On Feb 10, 2016, at 10:04 AM, Jim Whitescarver <jimscarver@gmail.com> wrote:
There is no password checking ever. The password field will be used for a device name for out-of band device and biometric authentication done from python.
From the point of view of the protocols involved, your module gets passed a User-Name and User-Password, and the module returns success/fail.
I've tried using authorize { python update control { Auth-Type := example } } and authenticate {authenticate {
I'm presuming that's a typo.
Auth-Type example { python } } but I cannot get past authorize. I want authorize to always succeed!
It will if you use the above configuration. There's no magic.
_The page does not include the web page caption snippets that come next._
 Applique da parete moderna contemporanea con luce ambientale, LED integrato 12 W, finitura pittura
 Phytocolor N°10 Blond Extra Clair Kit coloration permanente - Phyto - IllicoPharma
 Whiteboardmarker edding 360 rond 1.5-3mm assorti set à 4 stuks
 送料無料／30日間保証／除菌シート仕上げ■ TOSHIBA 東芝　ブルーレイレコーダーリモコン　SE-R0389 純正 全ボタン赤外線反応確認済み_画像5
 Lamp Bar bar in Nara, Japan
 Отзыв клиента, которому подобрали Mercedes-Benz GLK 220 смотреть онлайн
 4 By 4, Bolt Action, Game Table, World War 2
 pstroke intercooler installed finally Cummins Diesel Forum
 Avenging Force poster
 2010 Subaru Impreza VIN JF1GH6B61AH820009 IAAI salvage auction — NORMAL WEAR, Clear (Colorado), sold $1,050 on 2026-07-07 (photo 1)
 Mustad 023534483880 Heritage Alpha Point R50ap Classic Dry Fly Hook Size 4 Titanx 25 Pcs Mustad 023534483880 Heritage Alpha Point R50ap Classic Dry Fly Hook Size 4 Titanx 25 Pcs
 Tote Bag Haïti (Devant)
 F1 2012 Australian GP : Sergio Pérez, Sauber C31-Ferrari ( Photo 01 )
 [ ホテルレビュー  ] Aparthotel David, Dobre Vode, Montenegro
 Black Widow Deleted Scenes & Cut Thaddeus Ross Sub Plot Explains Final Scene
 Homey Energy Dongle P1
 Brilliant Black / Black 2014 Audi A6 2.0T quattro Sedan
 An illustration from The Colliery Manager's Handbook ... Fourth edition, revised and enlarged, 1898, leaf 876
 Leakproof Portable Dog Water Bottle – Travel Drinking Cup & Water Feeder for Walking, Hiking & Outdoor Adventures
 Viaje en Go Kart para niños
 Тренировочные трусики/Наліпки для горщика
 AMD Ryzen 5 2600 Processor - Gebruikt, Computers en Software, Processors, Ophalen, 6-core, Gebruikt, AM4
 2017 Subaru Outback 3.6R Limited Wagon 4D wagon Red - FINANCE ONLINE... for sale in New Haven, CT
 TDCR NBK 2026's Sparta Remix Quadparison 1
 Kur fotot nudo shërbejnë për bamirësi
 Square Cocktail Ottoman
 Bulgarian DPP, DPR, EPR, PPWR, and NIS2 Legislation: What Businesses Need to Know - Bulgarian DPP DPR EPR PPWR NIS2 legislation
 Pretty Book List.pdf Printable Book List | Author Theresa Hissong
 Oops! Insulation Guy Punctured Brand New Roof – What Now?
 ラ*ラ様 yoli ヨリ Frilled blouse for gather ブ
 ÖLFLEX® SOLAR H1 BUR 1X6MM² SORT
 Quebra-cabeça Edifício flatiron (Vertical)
Setting Auth-Type in "authorize" means that the give Auth-Type will be used in "authenticate".
In example.py I have tried return (radiusd.RLM_MODULE_UPDATED, (), (('Auth-Type', 'Accept'),)) return (radiusd.RLM_MODULE_UPDATED, (), (('Auth-Type', 'example'),))
Those won't work. You've got to update one of the attribute lists.
return radiusd.RLM_MODULE_OK plus a few variation of reply = ( ('Reply-Message', 'Hello from rlm_python'), ) config = ( ('Auth-Type', 'python'), ) return (radiusd.RLM_MODULE_OK, reply, config)
That won't work either. The module configuration is available in the "config" variable. You can write to it, but the writes will be discarded. From a quick look at the code, you can only set the "reply" tuple. So what you want can't be done with python. Just write some "unlang" to check for the conditions in "authorize", and set "Auth-Type := python". Your python script can run, and just return RLM_MODULE_OK, or RLM_MODULE_FAIL. Alan DeKok.